Soup is a primarily liquid food, generally served warm or hot (but may be cool or cold), that is made by combining ingredients of meat or vegetables with stock, milk, or water. Hot soups are additionally characterized by boiling solid ingredients in liquids in a pot until the flavors are extracted, forming a broth. Soups are similar to stews, and in some cases there may not be a clear distinction between the two; however, soups generally have more liquid (broth) than stews.

In traditional French cuisine, soups are classified into two main groups: clear soups and thick soups. The established French classifications of clear soups are bouillon and consommé.

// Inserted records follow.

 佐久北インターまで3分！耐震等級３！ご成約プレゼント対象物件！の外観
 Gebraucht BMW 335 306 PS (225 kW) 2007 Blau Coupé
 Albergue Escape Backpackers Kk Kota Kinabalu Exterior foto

Thick soups are classified depending upon the type of thickening agent used: purées are vegetable soups thickened with starch; bisques are made from puréed shellfish or vegetables thickened with cream; cream soups may be thickened with béchamel sauce; and veloutés are thickened with eggs, butter, and cream. Other ingredients commonly used to thicken soups and broths include  rice, lentils, flour, and grains; many popular soups also include pumpkin, carrots, potatoes, pig's trotters and bird's nests.

Other types of soup include fruit soups, dessert soups, pulse soups like split pea, cold soups and other styles.

History

The earliest evidence for soup in human culinary practice dates to the Upper Palaeolithic period when thermally altered rocks became commonplace in the archaeological record. Small boiling pits are present on the Gravettian site Pavlov VI. Cobbles were heated on the hearth and then placed into the water to bring it to boil. However, the antiquity of soup is highly contested. Based on ethnographic evidence, some archaeologists conjecture that early humans employed hides and watertight baskets to boil water 

The word soup comes from French soupe ("soup", "broth"), which comes through Vulgar Latin suppa ("bread soaked in broth") from a Germanic source, from which also comes the word "sop", a piece of bread used to soak up soup or a thick stew.

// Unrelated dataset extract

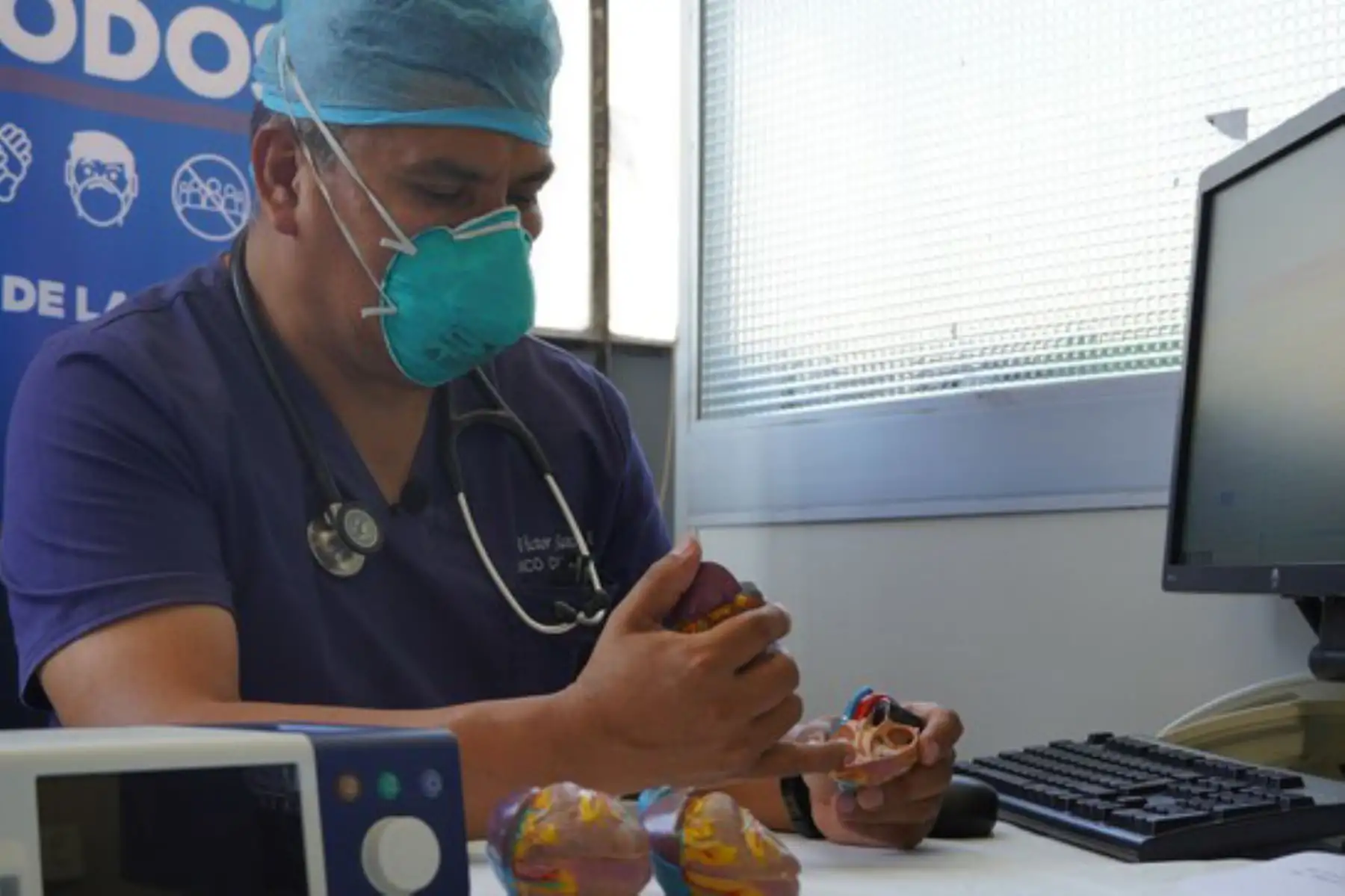 El jefe del servicio de cardiología del hospital Hipólito Unanue, Víctor Sánchez, exhortó a la población a mantener un adecuado cuidado, una alimentación sana, hacer ejercicios y eliminar los malos hábitos. Foto: ANDINA/Difusión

The word restaurant (meaning "[something] restoring") was first used in France in the 16th century, to refer to a highly concentrated, inexpensive soup, sold by street vendors, that was advertised as an antidote to physical exhaustion. In 1765, a Parisian entrepreneur opened a shop specializing in such soups. This prompted the use of the modern word restaurant to refer to eating establishments.

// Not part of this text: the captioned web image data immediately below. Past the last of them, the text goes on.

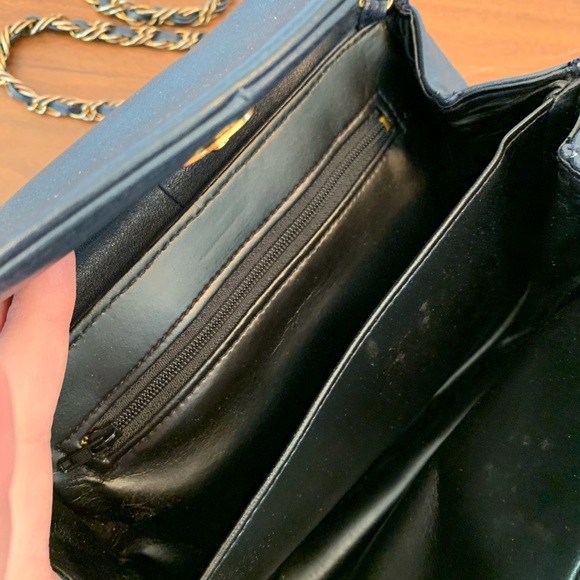 Navy Vintage Purse - Picture 5 of 6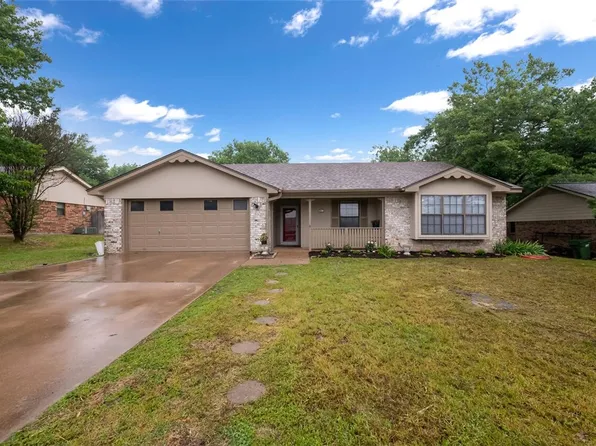 606 Angel Fire Dr, Hewitt, TX 76643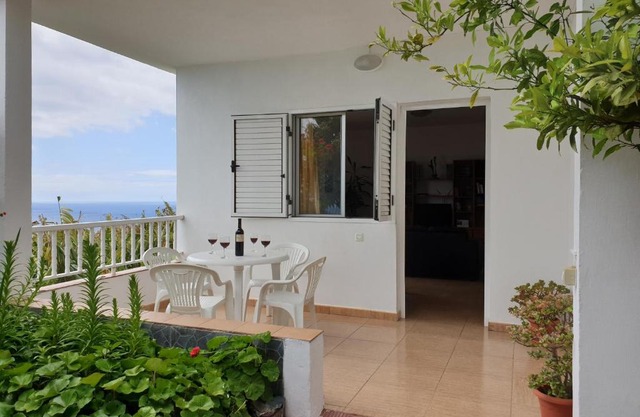 Casa Angel y Carmen (La Dama, La Gomera)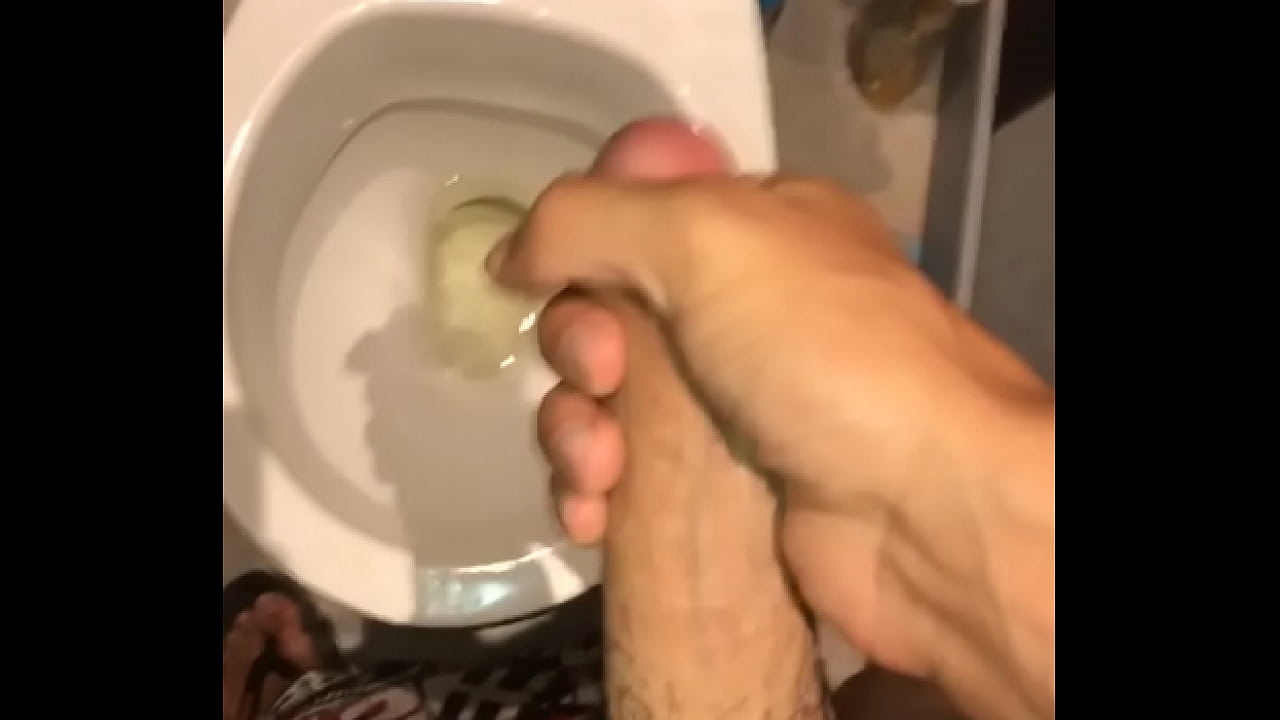 branle son gros engin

In the US, the first colonial cookbook was published by William Parks in Williamsburg, Virginia, in 1742, based on Eliza Smith's The Compleat Housewife; or Accomplished Gentlewoman's Companion, and it included several recipes for soups and bisques. A 1772 cookbook, The Frugal Housewife, contained an entire chapter on the topic. English cooking dominated early colonial cooking; but as new immigrants arrived from other countries, other national soups gained popularity. In particular, German immigrants living in Pennsylvania were famous for their potato soups. In 1794, Jean Baptiste Gilbert Payplat dis Julien, a refugee from the French Revolution, opened an eating establishment in Boston called "The Restorator", and became known as the "Prince of Soups". The first American cooking pamphlet dedicated to soup recipes was written in 1882 by Emma Ewing: Soups and Soup Making.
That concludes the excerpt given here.